_Exercise directions:_ Leaving the pictures aside, restate all of the data exactly.

*** Stored data Section Begins ***

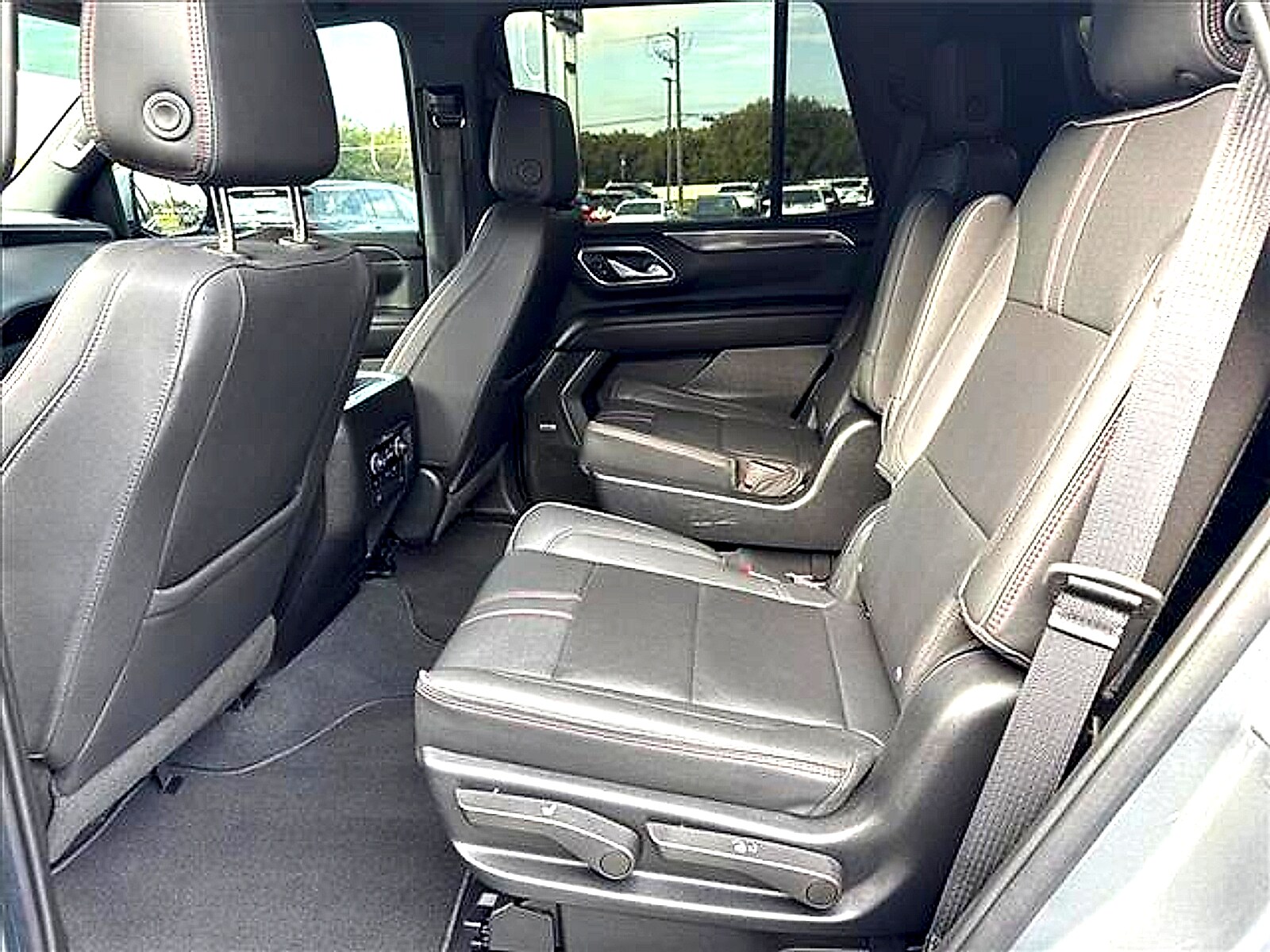 2022 Chevrolet Tahoe RST - Photo 11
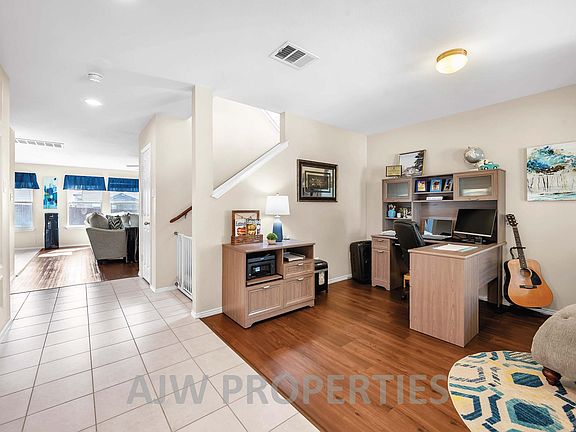 3rd image of 9208 Bellgrove Ct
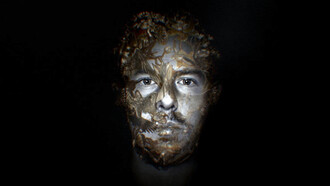 Lee Alexander McQueen (17 de marzo de 1969 – 11 de febrero de 2010) diseñador clave de fines del siglo XX y comienzos del XXI, fue capaz de convertir la moda en una forma de expresión artística cargada de intensidad, belleza y transgresión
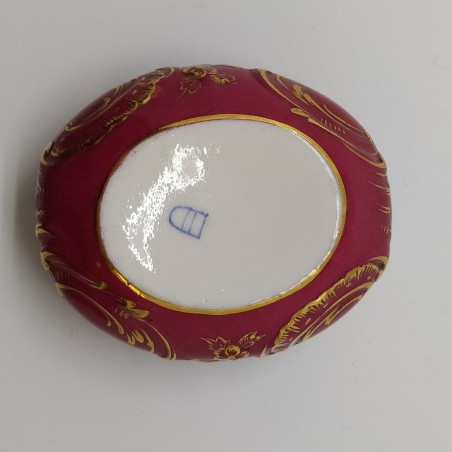 Cofanetto in porcellana con miniatura sul coperchio, fine '800. Buone condizioni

*** Stored data Section Ends ***

_Response area:_
 2022 Chevrolet Tahoe RST - Photo 11
 3rd image of 9208 Bellgrove Ct
 Lee Alexander McQueen (17 de marzo de 1969 – 11 de febrero de 2010) diseñador clave de fines del siglo XX y comienzos del XXI, fue capaz de convertir la moda en una forma de expresión artística cargada de intensidad, belleza y transgresión
 Cofanetto in porcellana con miniatura sul coperchio, fine '800. Buone condizioni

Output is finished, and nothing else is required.